Electronic Thesis and Dissertation Repository


Doctor of Philosophy


Civil and Environmental Engineering


M. Hesham El Naggar


Large-capacity helical piles can provide immense construction and performance advantages over the conventional concrete and steel piles. Nowadays, there is significant interest in using large-capacity helical piles to support foundations that would be subjected to both dynamic and static loading.

The main objectives of this thesis are to: investigate the dynamic response and impedances of large-capacity helical piles; develop an analysis methodology for their dynamic response; and investigate their static axial compression and lateral behaviour, considering installation effects on their dynamic and static performances. The thesis presents the first full-scale vertical and horizontal dynamic field testing program executed on large-capacity helical piles, which involved 190 full-scale field load tests on nine instrumented large-capacity helical piles and two driven steel piles with different geometrical configurations installed in cohesive soils. Six piles were tested two weeks after installation and four piles were tested after allowing a recovery period of nine months following installation.

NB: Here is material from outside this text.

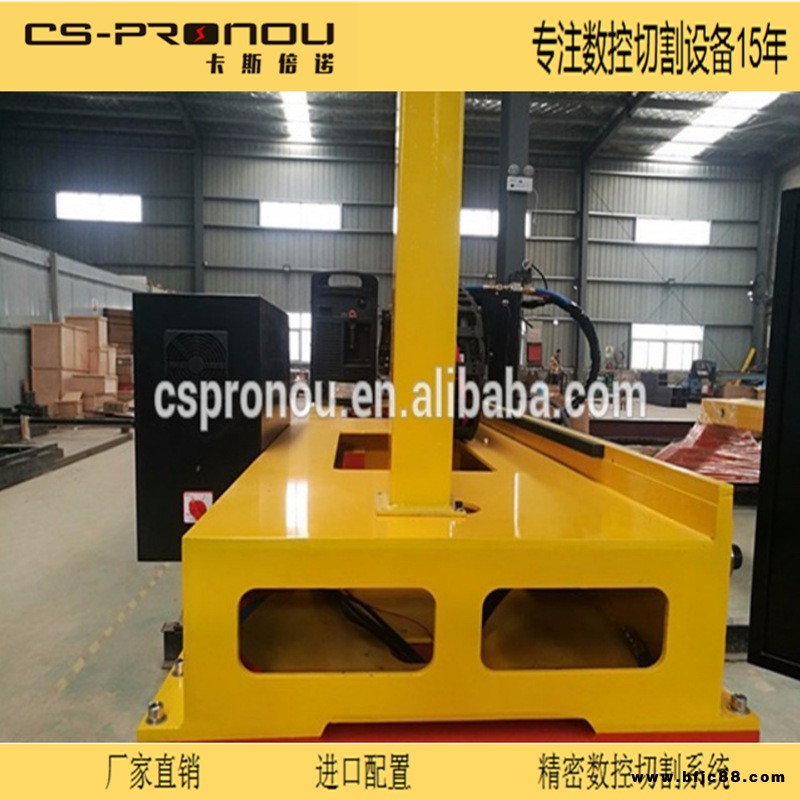 江蘇數控火焰等離子兩用切割機 中厚板專用切割機 廠家直銷可定制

One hundred and seventy six field experiments were conducted to evaluate the dynamic response characteristics of single helical piles and driven piles under different levels of vertical and horizontal harmonic excitations. The effects of various parameters, namely: pile length, number of helix plates and inter-helix spacing, excitation intensity, and soil thixotropy on the dynamic response were investigated. The experimental results were compared to the theoretical predictions of the continuum theory considering linear and nonlinear approaches. Reasonable match was found between the predicted response using the nonlinear approach and the measured response for both vertical and horizontal vibrations. The results demonstrated the significant effects of pile installation on forming weak soil zone around the pile, which stiffened with time following installation. This stiffening was manifested in an average increase in pile stiffness of about 43% and in pile damping of 25 to 90% within a nine month period. In addition, the dynamic response of the helical piles was similar to that of the driven piles.

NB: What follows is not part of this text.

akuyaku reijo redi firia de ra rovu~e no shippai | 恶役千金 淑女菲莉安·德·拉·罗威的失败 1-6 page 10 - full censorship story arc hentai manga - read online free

The load transfer mechanism of large-capacity helical piles was found to be predominantly through the helical plates and pile toe end bearing. Based on the results of the pile load tests, it is proposed to define the ultimate load of helical piles as the load that corresponds to pile head movement equal to the pile elastic deformation plus 3.5% of helix diameter. The helical piles displayed a superior axial performance with capacities higher than driven pile by about 17 to 85% based on pile configurations.

The effects of attached helices and inter-helix spacing were found to be negligible on the pile lateral capacity and performance. The lateral pile load tests were examined numerically using the p-y approach incorporated in LPILE program. The mobilized soil shear strength parameters and soil moduli of subgrade reaction were back-calculated.